E Nazarian parece seguir a premissa de seu protagonista à risca: o leitor precisa aguardar alguns capítulos para descobrir que Bruno Schwarz é um artista plástico badalado de meia idade, já cinquentão, que se preocupa em fazer uma arte voltada para o grande público – algo palatável e de fácil entendimento, analisada em diversas passagens com autoironia. Bruno é também esposo de Bianca e pai de Alvinho, um menino de sete anos.... “bem, talvez já sejam oito”, como ele mesmo reflete ao demonstrar que não vem estando muito presente na vida familiar nos últimos tempos.

Seu caráter blasé, sedutor e o fato de ser muito bem sucedido em sua profissão é, entretanto, entregue sem delongas ao leitor, que acompanha nas primeiras páginas a chegada de Bruno a Santa Catarina natal, após uma viagem de trabalho – em um voo internacional na classe premium, claro. Seguindo para a pequena cidade de Trevo do Sul, onde mora, Bruno escuta uma entrevista na rádio local e, neste diálogo radiofônico, Nazarian introduz o primeiro elemento inusitado da história: a neve. Esta é a noite mais fria do ano e, durante as horas que se estendem até a madrugada, é que todo o enredo vai se desenvolver, a não ser pelos vários flashbacks da memória de Bruno (através dos quais é possível conhecer um pouco mais de sua história).

Mas atenção, Neve Negra não é nem um thriller policial nem somente uma história de suspense, mas sim – segundo definição do próprio autor – um livro de pós-terror. É fácil analisá-lo como tal após terminar a leitura, mas nas 60 primeiras páginas impera apenas um leve clima de tensão, construído entretanto de maneira instigante e misteriosa. Por que a esposa não acorda com o grito de Alvinho após um pesadelo? Porque o filho não responde corretamente às indagações do pai sobre o porquê de ele ter animais empalhados no quarto? Como se deu a perda da filha que o casal teve na juventude? Quais os motivos que levaram a relação amorosa deles esfriar? A reviravolta na aparente normalidade da noite e do lar da família Schwarz é quebrada com a aparição do neto do Velho Grüne, o vizinho taxidermista, até então desconhecido de Bruno. Seria ele um alter ego de Santiago Nazarian? Thomas é um jovem escritor, de cabelos pretos e que tem predileção por histórias noturnas e lendas urbanas de assombração e sua presença vai trazer ainda mais dúvidas sobre o filho de Bruno e o que vinha acontecendo até o momento de sua chegada naquela noite.

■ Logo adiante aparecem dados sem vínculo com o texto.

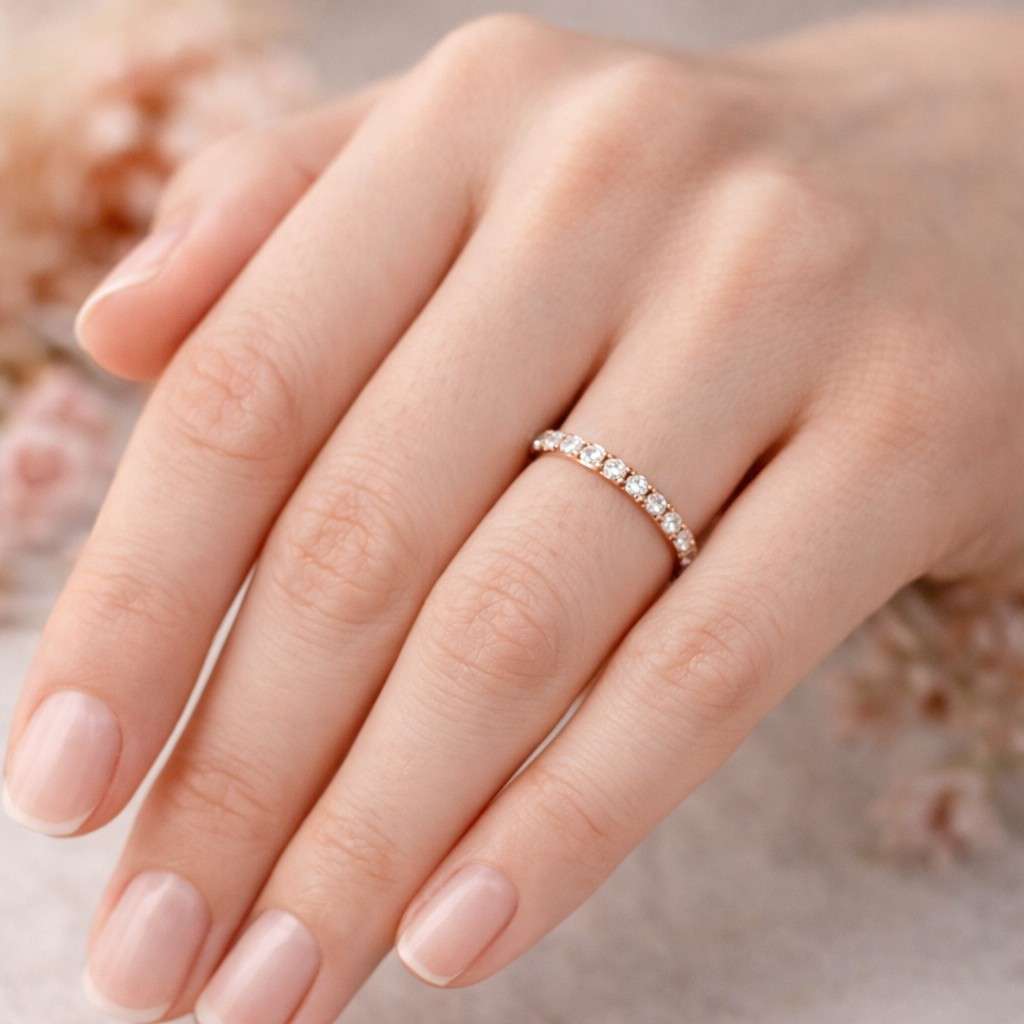 3.00 MM Round Moissanite Diamond Full Eternity Band Minimalist Wedding Ring Stackable Anniversary Gift for Women Elegant Matching Band
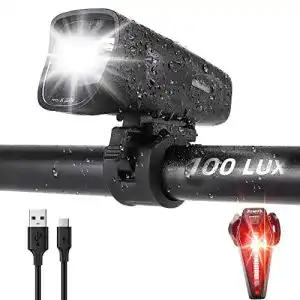 Fahrradscheinwerfer mit Fernlicht Jiraewh LED Fahrradlicht Set
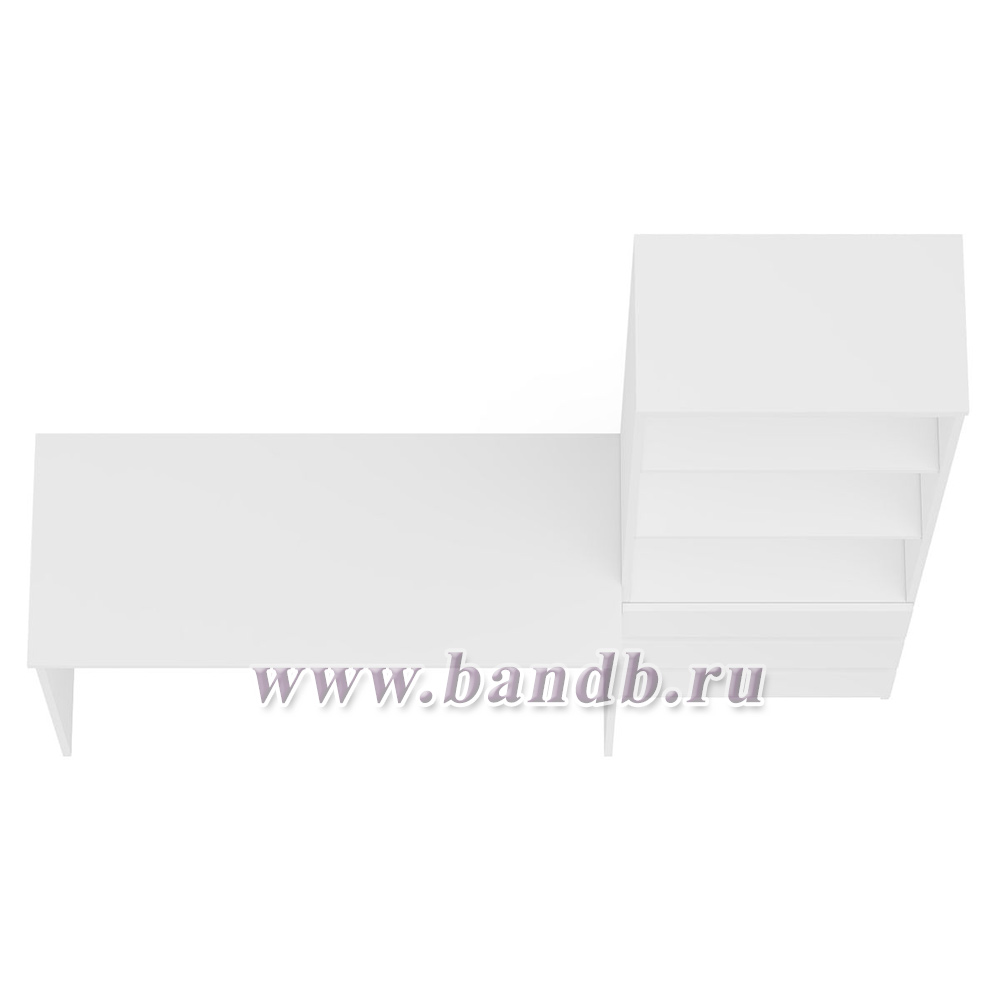 Письменный стол 1200 со стеллажом с ящикаи МСТ600 Мори цвет белый Картинка № 8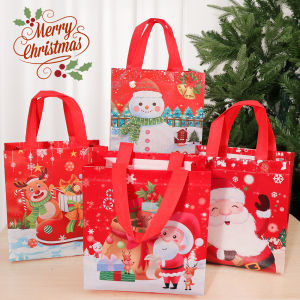 [Dizoey] 1/2/4pcs Merry Christmas Gift Bag Large Capacity Shopping Handbag Non Woven Packing Bag Home Storage Bag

O encontro com o vizinho também vai deslocar um pouco o cenário principal da noite para o lado de fora, fazendo o artista sair de sua casa. Esta última é um ponto de encontro entre o passado e o presente da vida do protagonista: ela pertenceu a seu avô, depois a seu pai e, quando o casal Schwarz decidiu que era chegada a hora de sair de São Paulo e procurar um lugar mais próximo da natureza, a referência catarinense da infância de Bruno se revelou como a melhor opção.

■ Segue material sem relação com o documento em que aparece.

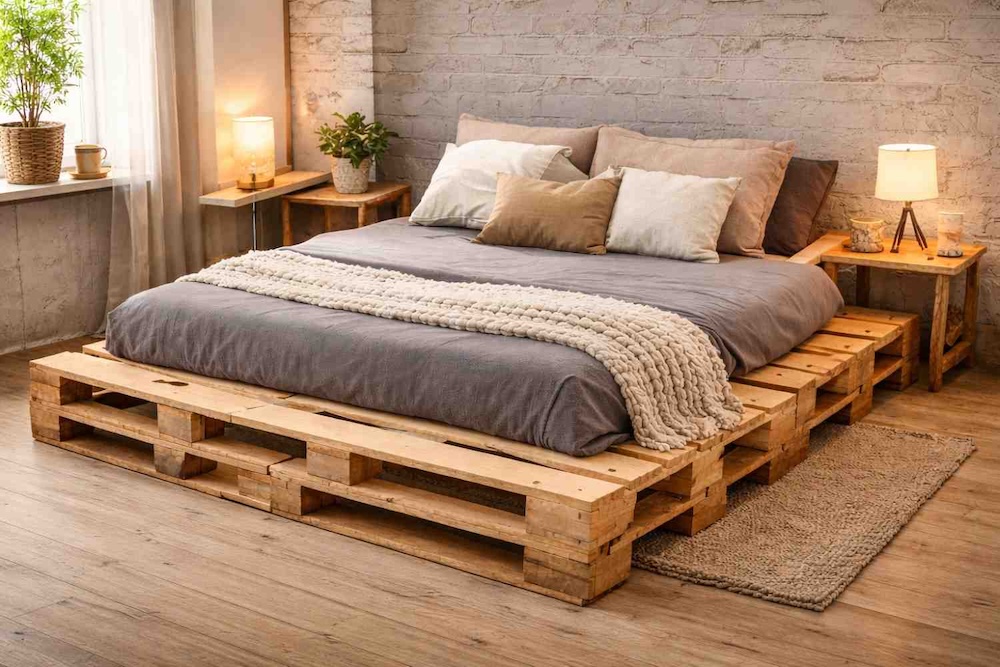 co można zrobić z palet do sypialni 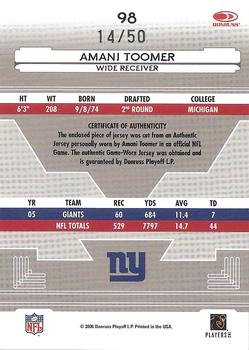 2006 Leaf Certified Materials - Mirror Blue Materials #98 Amani Toomer Back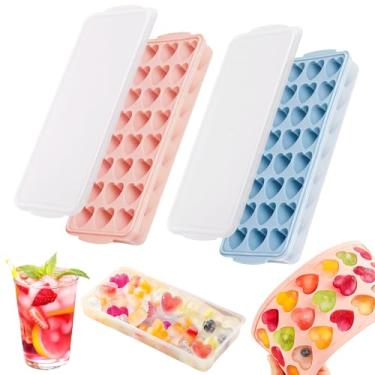 Imagem de Rismise Pacote com 2 bandejas de cubos de gelo Shpaed de coração com tampas de silicone para formas divertidas, cubos de gelo, velas de chocolate, geleia, geleia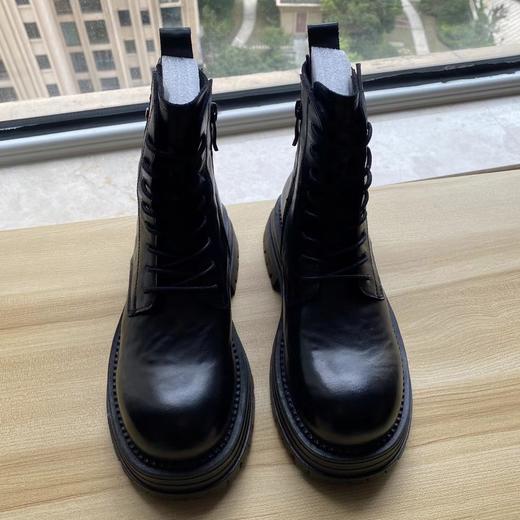 D111904马丁靴女款2025新款秋冬季厚底短靴圆头英伦风百搭粗跟短靴 商品图7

Não é de todo acaso que as figuras marcantes das duas gerações anteriores à do personagem sejam masculinas. Intrínsecas ao suspense do livro estão questões de paternidade, suspeita de infidelidade e morte, tríade que Nazarian soube usar para construir uma boa história. Neve Negra ambienta todas essas temáticas num cenário invernal, onde os acontecimentos que envolvem o protagonista permanecem na linha tênue entre delírio e surrealismo.

Confira um trecho do livro:

"Há algo de errado com meu filho. E não posso dizer que me surpreendo. Esperei a vida toda por isso. Desde o primeiro dia, desde antes, espero algum sinal de anomalia. A mancha vermelha na testa desapareceu, então esperamos os primeiros passos. Ele engatinhou e se levantou, então esperamos as primeiras palavras. Alvinho falou – acho que foi algo previsível como mamá– e esperamos as convulsões. A cada frango servido, esperava o osso da sorte a travar-lhe a garganta. Sempre que eu voltava de uma viagem, sempre que, de longe, perguntava sobre ele, esperava, temia, ansiava pela má notícia que acreditava ser inevitável recair sobre meu filho."